Spent about 30 minutes on the glass with cerium oxide paste? And felt pad on my DA. Played around a little bit. Seems to be making some progress but I should look up how to mix this stuff and what speeds I should be polishing at. Couple progress pics. started with First attempt Second attempt Not really close to being good but getting better. Will research some more and see where we get too.
Bandit, this is awesome! WPatterson, I did not take a picture before I started because I am horrible at documenting things. It was bad, I could catch my nail on them easily. Once I pull the other piece out of storage I will document from the start. This one is my guinea pig. I did some more research last night and found some good info. The youtube video below is very similar to the process I've used. I think I'll switch from the DA polisher to my 7" polisher as I don't think the DA is aggressive enough. There was another tip to keep a spray bottle of warm water so you can keep the cerium mixture wet as you go. I think my mix was a little light as well but I didn't want to start to aggressive. I've read 2 parts cerium to 1 part water, I was more 1:2 so I will mix a little heavier. I have also purchased some Ceriglass that I forgot about, once I find it I'll give it a try to see how it compares. I'm not sure how aggressive it is and may just be for the final polish step/
I'm not sure where you are getting that info from? Glass is polished all the time but it doesn't weaken it, at least from all the information I have read. In actuality, a scratch on a piece of glass can be called a stress point. Polishing removes the stress point creating a structurally sound piece of glass.
I doubt that even aggressive polishing of glass gets it even close to hot enough to do damage. What's the difference between polishing and hot summer sun beating down on the glass? I think auto glass is tempered at something like 600deg?

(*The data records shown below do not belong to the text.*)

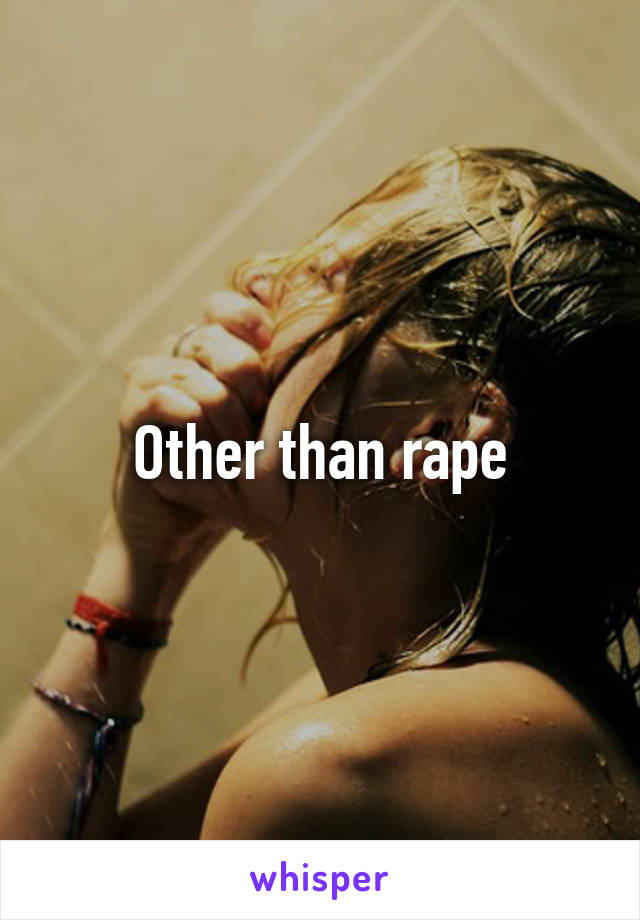 Other than rape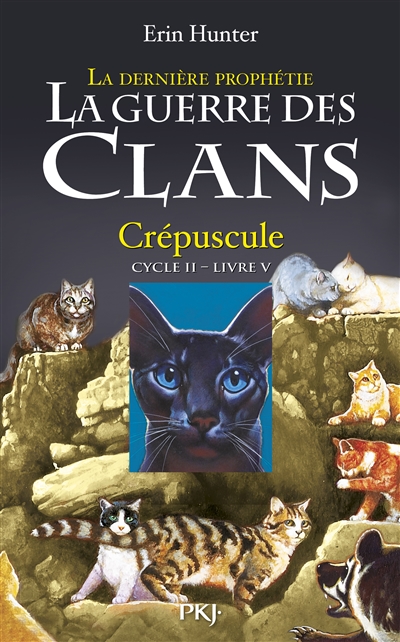 La guerre des clans - cycle ii la derniere prophetie - tome 5 crepuscule - vol05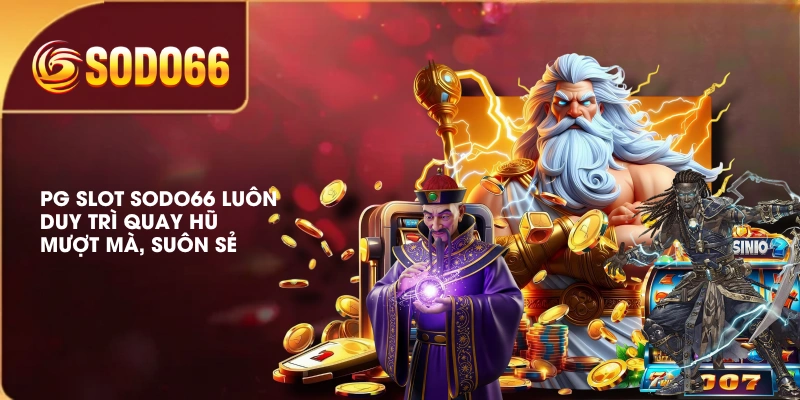 PG Slot SODO66 luôn duy trì quay hũ mượt mà, suôn sẻ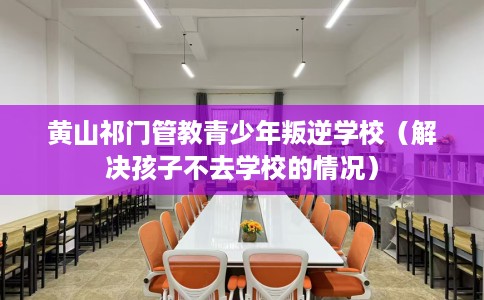 黄山祁门管教青少年叛逆学校（解决孩子不去学校的情况）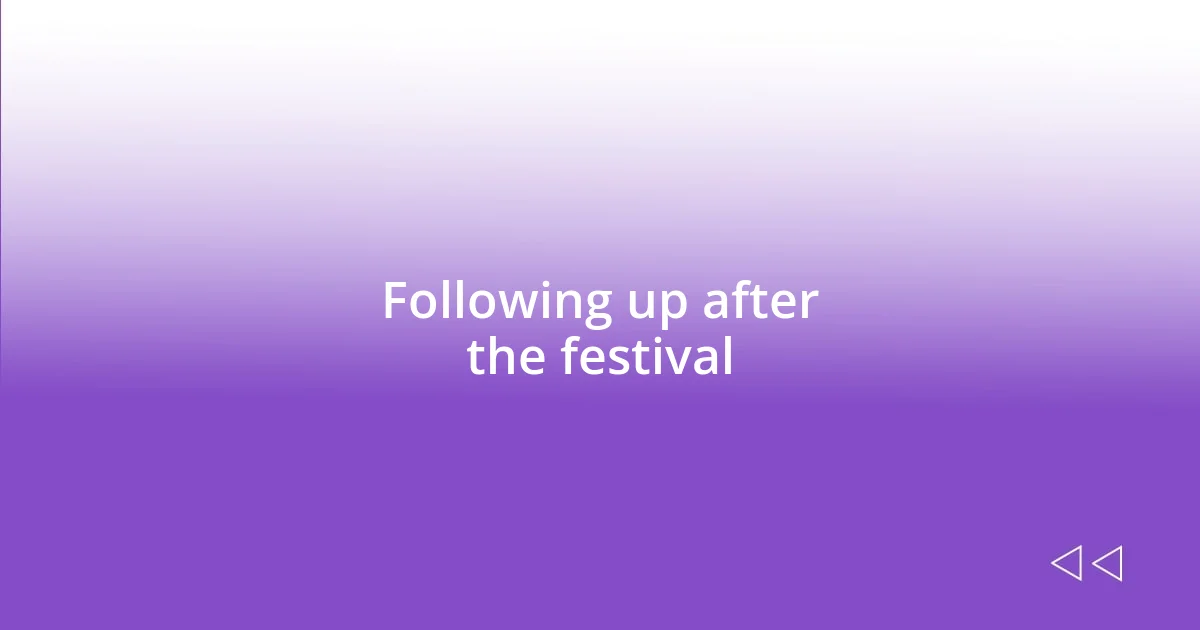 Following up after the festival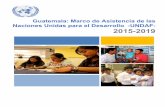 Guatemala: Marco de Asistencia de las Naciones …...7 | Marco de Asistencia de las Naciones Unidas para el Desarrollo -UNDAF- Guatemala 2015-2019 está clasificada en el número 98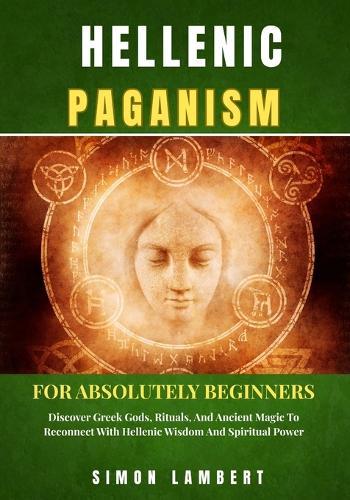 Hellenic Paganism For Absolutely Beginners: Discover Greek Gods, Rituals, And Ancient Magic To Reconnect With Hellenic Wisdom And Spiritual Power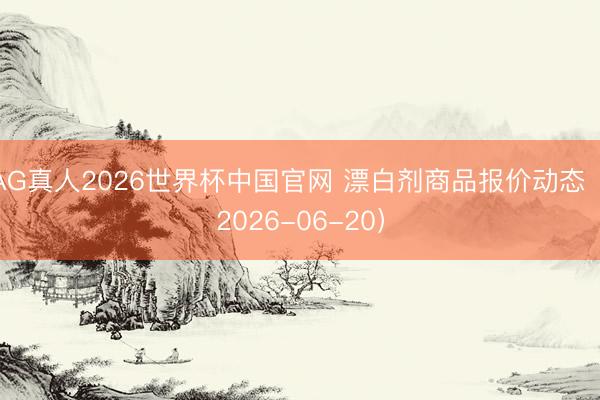 AG真人2026世界杯中国官网 漂白剂商品报价动态（2026-06-20）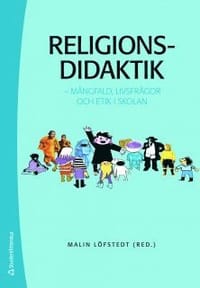 Religionsdidaktik : mångfald, livsfrågor och etik i skolan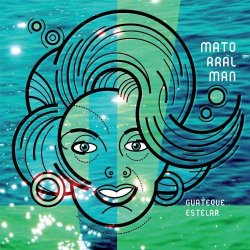Matorralman - Guateque Estelar (2009)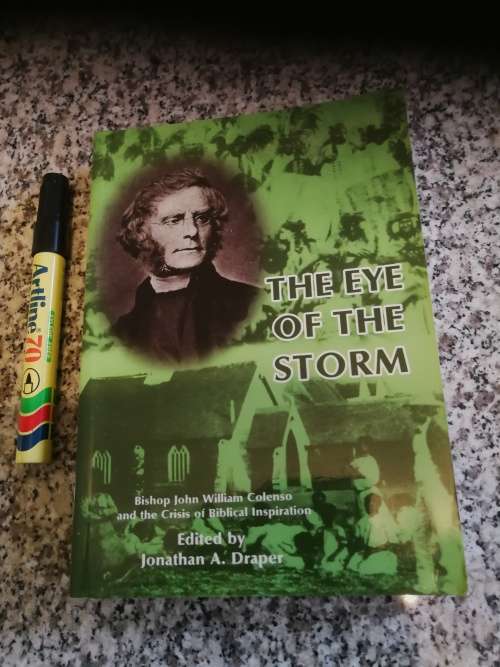 THE EYE OF THE STORM Edited by JONATHAN A DRAPER Bishop Colenso the Crisis of Biblical Inspiration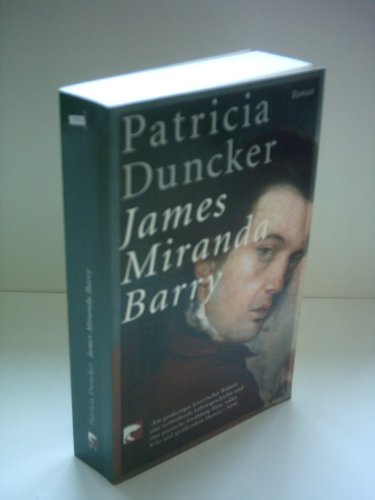 James Miranda Barry. (9783442760220) by Duncker, Patricia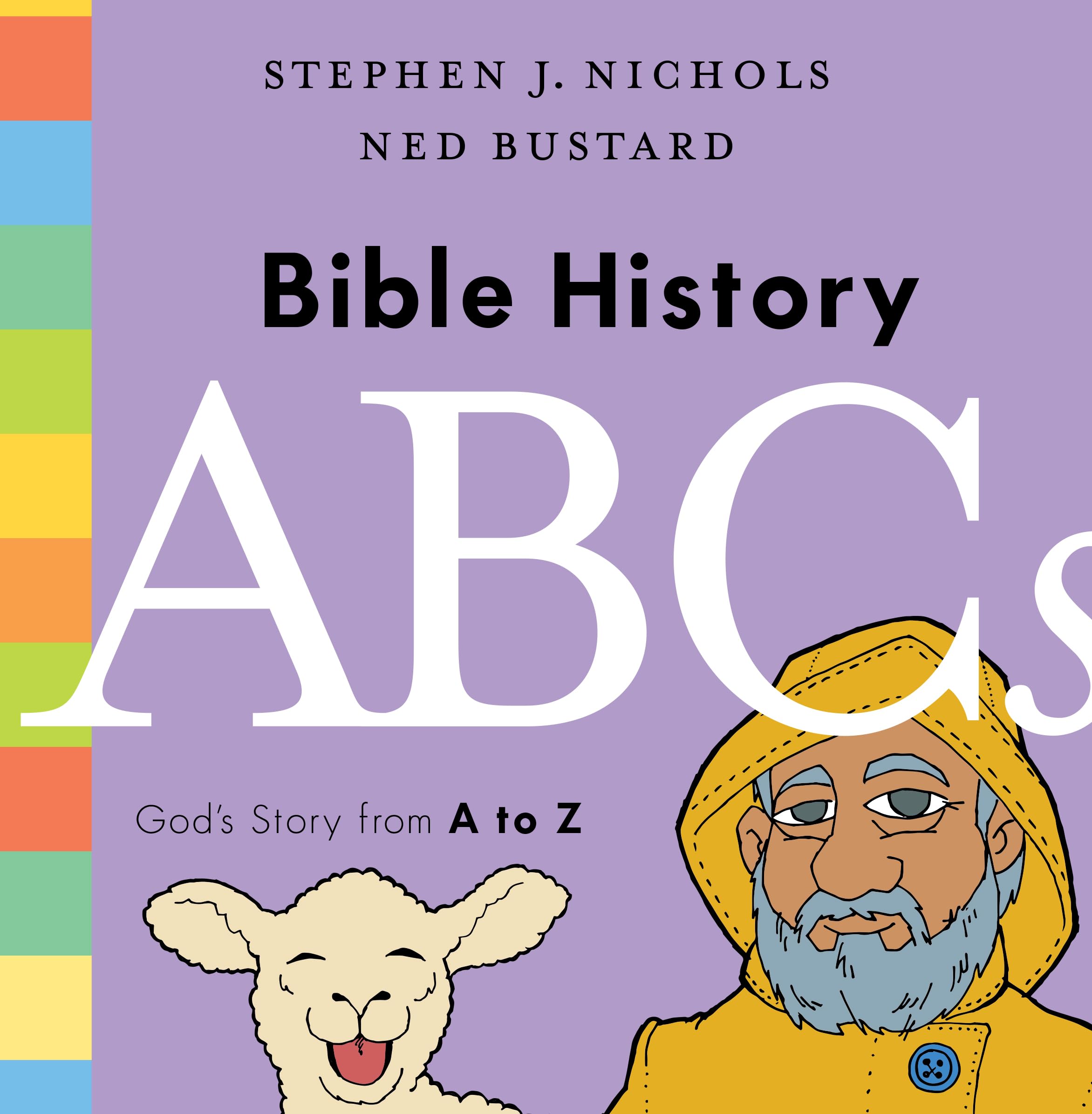 Bible History ABCs: Gods Story from A to Z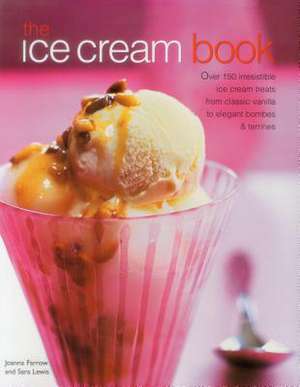 The Ice Cream Book: Over 150 Irresistible Ice Cream Treats from Classic Vanilla to Elegant Bombes and Terrines de Joanna Farrow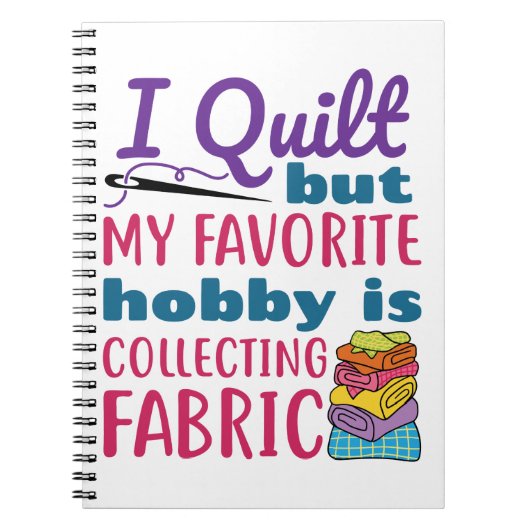I Quilt But My Favorite Hobby Is Collecting Fabric ノートブック (正面)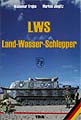 LWS - Land-Wasser-Schlepper - (Trojca, Jaugitz) - Modelhobby/VDM -ISBN:978-3-86619-035-1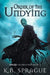 Order of the Undying by K. B. Sprague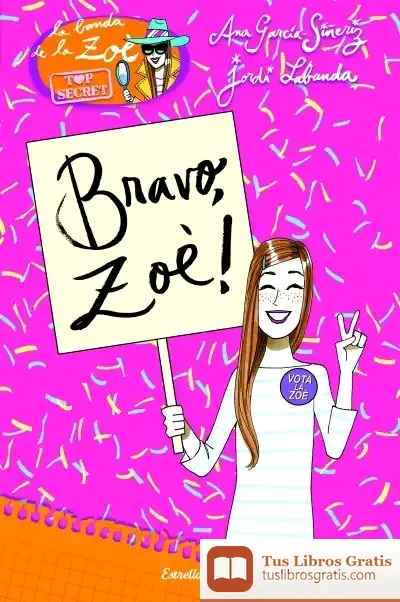 Descargar Bravo, Zoè! de Ana García-siñeriz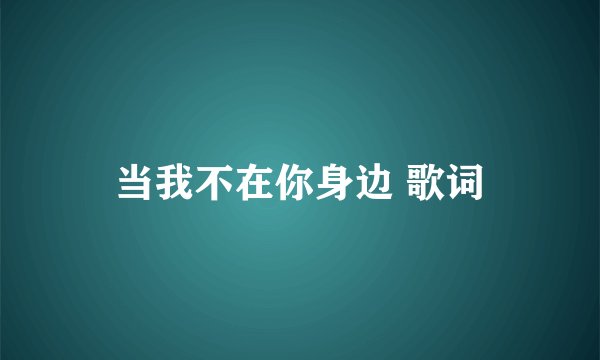 当我不在你身边 歌词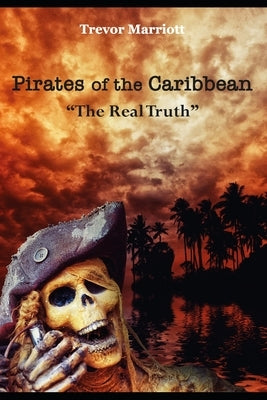 Pirates of the Caribbean-The Real Truth by Marriott, Trevor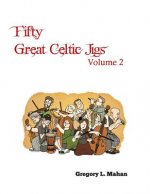 Fifty Great Celtic Jigs Vol 2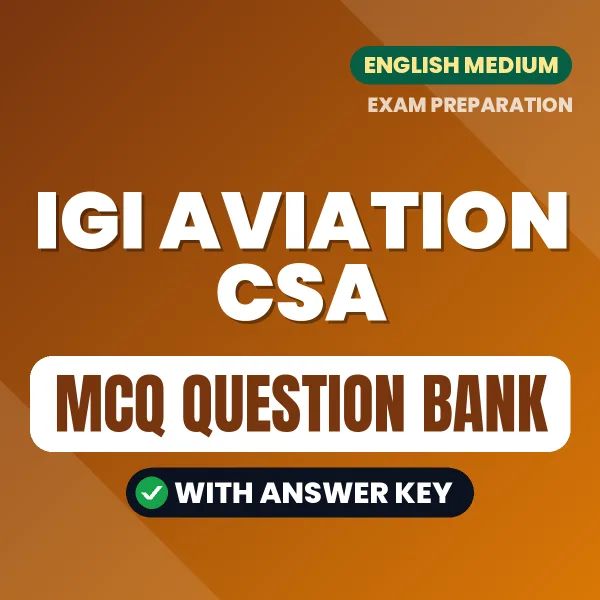 Best MCQ eBook for IGI Aviation CSA Exam in English | Selected Questions with Answer Key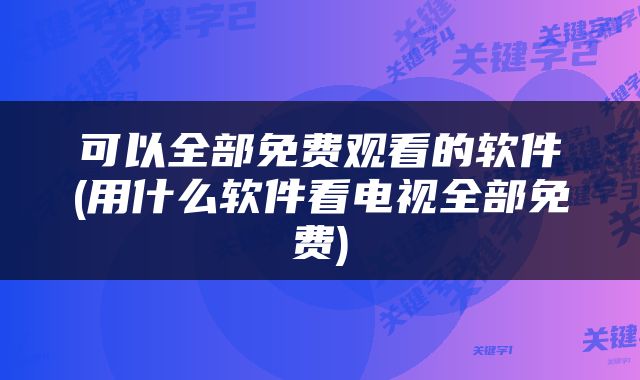 可以全部免费观看的软件(用什么软件看电视全部免费)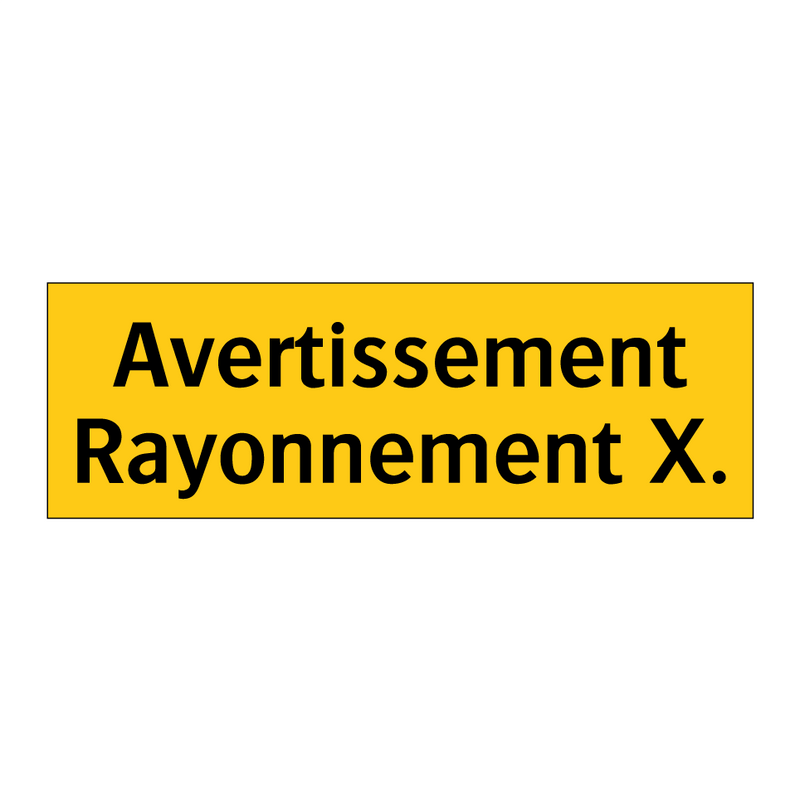 Avertissement Rayonnement X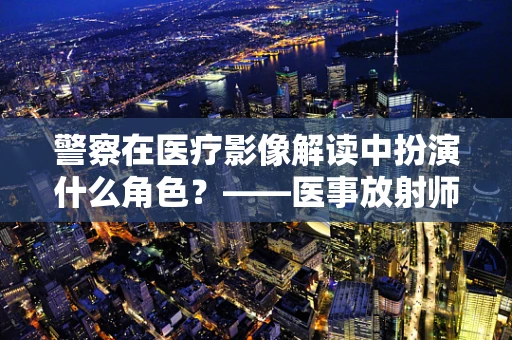 警察在医疗影像解读中扮演什么角色？——医事放射师的专业视角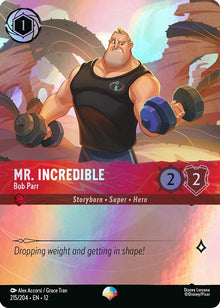 Mr. Incredible - Bob Parr (Epic) 215/204 Epic Wilds Unknown Lorcana Holo NM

I've had good luck with (pre-mixed) cerium oxide past and wool felt pads at low speeds (i.e. using an electric paint buffer with an offset rotation instead of a DA sander)- best example was an old cop car where the wiper blade rubber obviously broke off the bottom half of the frame and of course the constables on board let the wipers operate for hours like this- damage was at the bottom edge in a roughly 6" x 6" area- and was bad- i.e. deepest gouges were almost 1/16". The deep gouges I could only get out about halfway, but everything shallower than this came out with about an hour of polishing (with regular washing off the pad and replenishing the paste).